The lawsuit was reported on Monday morning and is part of Skydance Paramount CEO David Ellison’s plan to launch a proxy battle so his company can acquire Warner Bros. Discovery. The legal document calls the WBD board’s recommendation to take Netflix’s offer over Paramount’s “misleading” multiple times.
The Delaware lawsuit was filed in an effort to force Warner Bros. Discovery to financially disclose why it chose Netflix’s offer over Paramount’s. Though Paramount’s current offer of $30 per share is more than Netflix’s offer of $23.25 per share, Netflix’s offer also includes some Netflix shares as well as stake in Discovery Global, the spinoff company from Warner Bros. Discovery. It’s that last part that Paramount’s case hinges on.

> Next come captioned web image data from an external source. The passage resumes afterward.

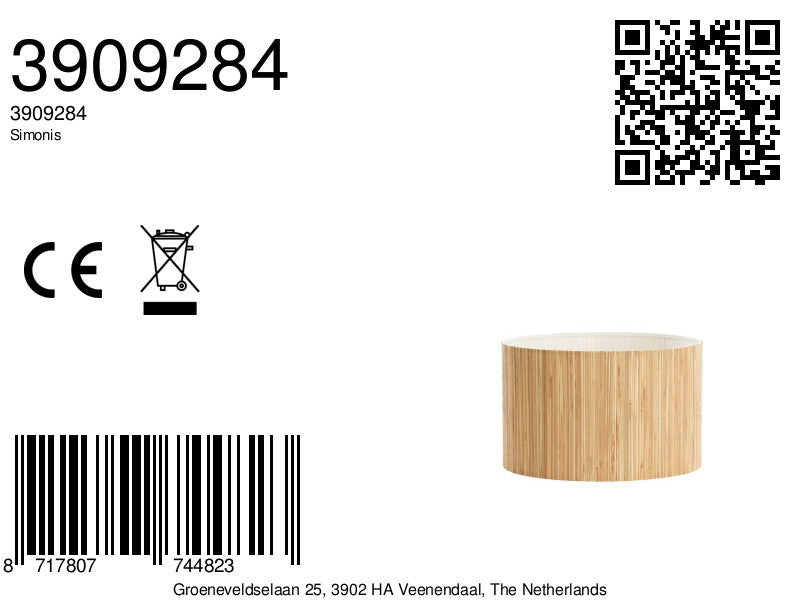 natuurlijke-rotan-lampenkap-cilindervormig-light-living-simonis-variant-image8a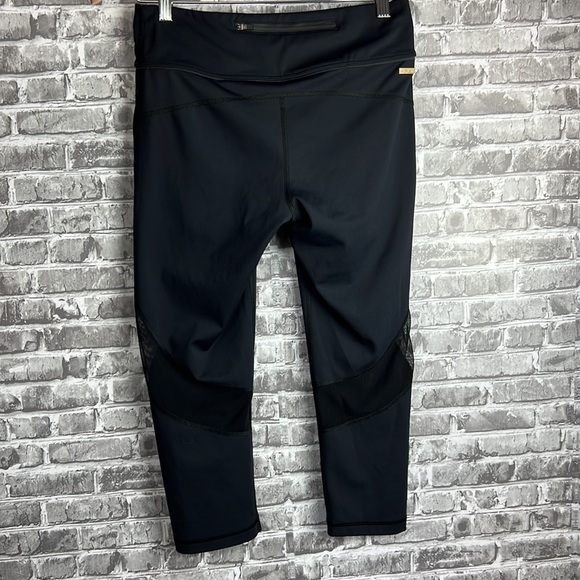 ‎ALALA - Picture 4 of 8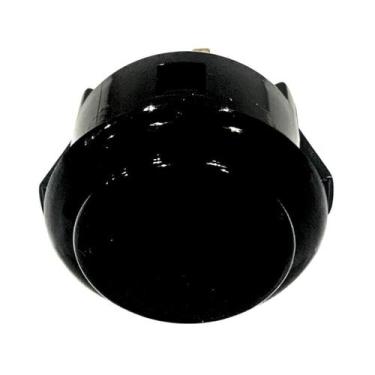 Imagem de Botão Sanwa  30Mm Arcade Fliperama Bartop - Matic Entretenimento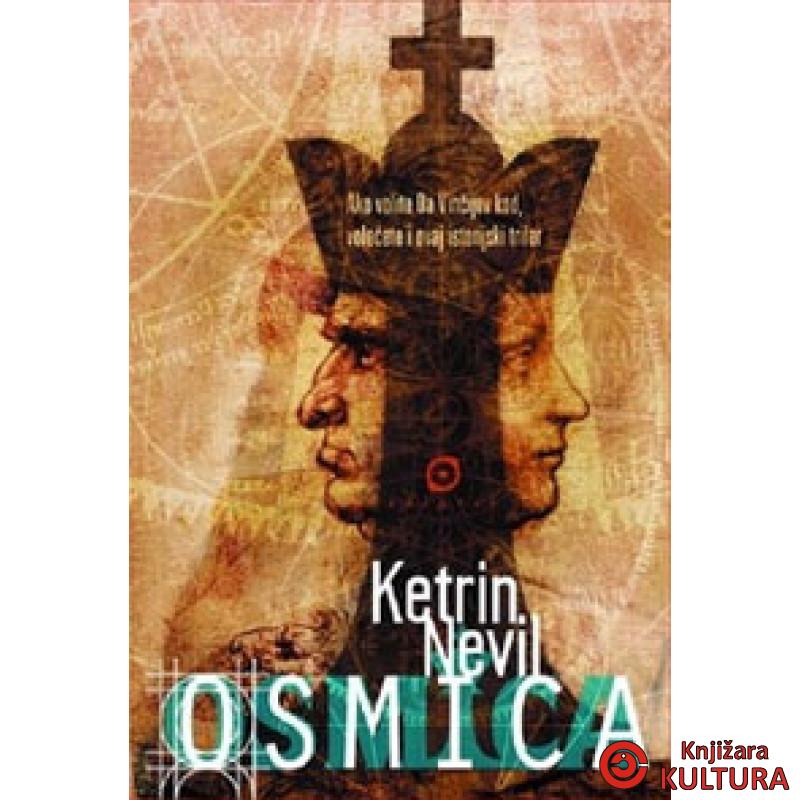 OSMICA 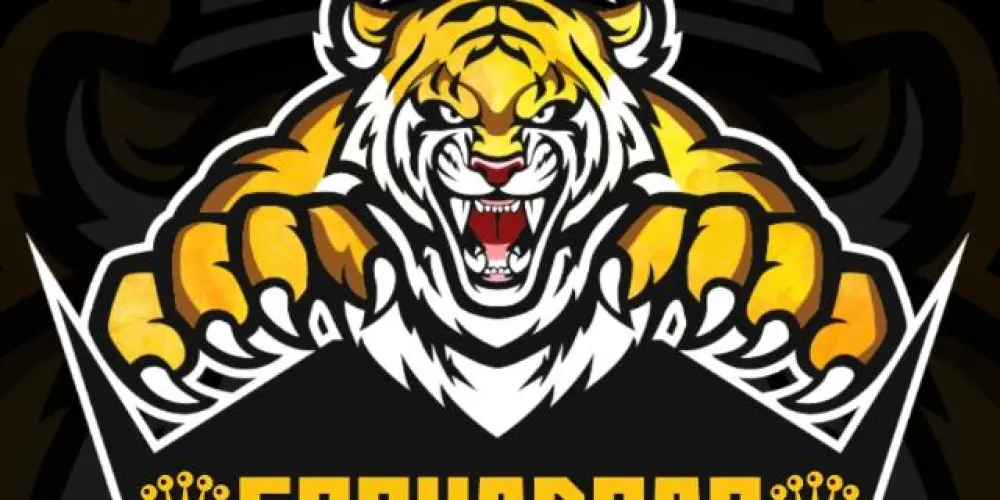 Imagem do grupo de WhatsApp Recrutamento guilda 02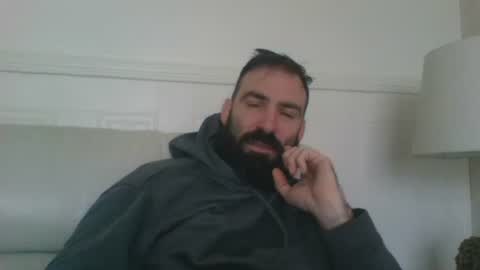 hellobunbunx0 online show from November 23, 2:06 pm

Remember, Paramount wants to acquire all of Warner Bros. Discovery, whereas Netflix just wants to acquire the company’s streaming and studio business, a segment that will be spun out and named Warner Bros. In addition to the aforementioned cash and Netflix shares, Netflix’s offer would also allow current Warner Bros. Discovery shareholders to retain control over Discovery Global, the cable assets of the company that will remain after the spinoff happens. The combination of those three elements — cash, Netflix stock and Discovery Global stock — is a major reason why the WBD board dubbed Netflix’s offer as superior.
But in its lawsuit, Paramount argued this was faulty reasoning. Based on market comparisons to Comcast’s recently launched cable spinoff Versant, Paramount estimated that the stand-alone equity value for Discovery Global would be “as little as $0.00 per share due to the business’s large expected debt load.” This is largely due to the continues decline of the cable market.